Daniel Beard, the administrator, is making his purchase from the Chicago Climate Exchange (CCX), a financial institution favored with a celebratory visit from Al Gore shortly after the former vice president and climate activist won his Nobel Prize.

As government spending goes, this is a pittance. But it is taxpayer revenue that is being spent on behalf of a dubious, but oh-so-politically correct, cause. This expenditure doesn’t make me see green—it makes me see red.

In theory, carbon offsets are simple. As the Washington Post explained (in an article that was unusually skeptical for one on the environment), “You simply turn over some money, and the offsetters promise to absolve your sins by putting it to use on green technologies, planting trees, pumping carbon dioxide underground and the like.”

The problem is that the buyer of carbon offsets doesn’t really know what, if anything, he is getting for his money. “What are you buying besides a piece of paper that is well printed and that says you are a morally superior person?” says Myron Ebell of the Competitive Enterprise Institute.
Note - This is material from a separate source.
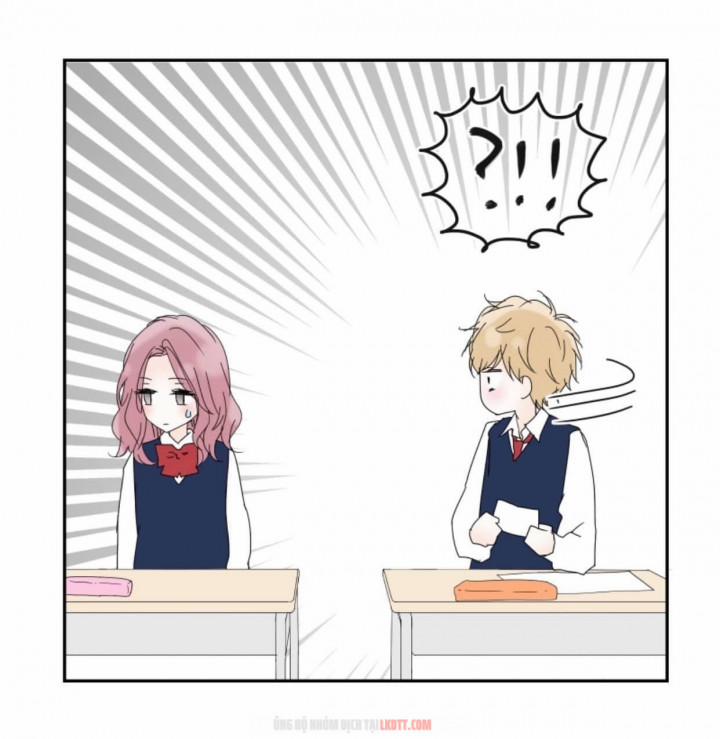 Chàng Trai Chocolate Latte 18 trang 33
The institutions that sell carbon offsets, most of which are for-profit outfits, have a wide variety of ways of spending the money. They might contribute to a wind farm or to planting trees to absorb the carbon in the atmosphere. It is, of course, almost always impossible to measure the impact, if any, of carbon credits.

An investigation by the Financial Times newspaper suggested that some organizations are paying for emissions reductions that don’t occur. Others have received credits for doing things that they were going to do anyway. The FT also found a “shortage of verification.” A climate researcher from Princeton University told USA Today, “No one knows what to trust.”

According to the Washington Post, researchers at Tufts University warned last year that “voluntary offsets are of limited value to solve the increasing threat of climate change.  They should not be seen as a way to buy ‘environmental pardons.'”

Will a $500 contribution to a wind farm really erase your carbon footprint, after you’ve flown around the earth in an emissions-producing jet? Planting trees is nice, but it won’t do much for reducing emissions for years to come. Trees don’t grow overnight. Ebell notes the irony: Climate alarmists often insist that we must do something now.

While rich companies, people, and nations can afford to buy carbon offsets, poorer nations can’t—and they need high energy of the “bad,” carbon-producing kind, if they are to develop their economies. Carbon reduction could mean economic stagnation for many of the world’s poor. They are a luxury purchase for those who are able to enjoy the good things of life, and then pay a fee for absolution.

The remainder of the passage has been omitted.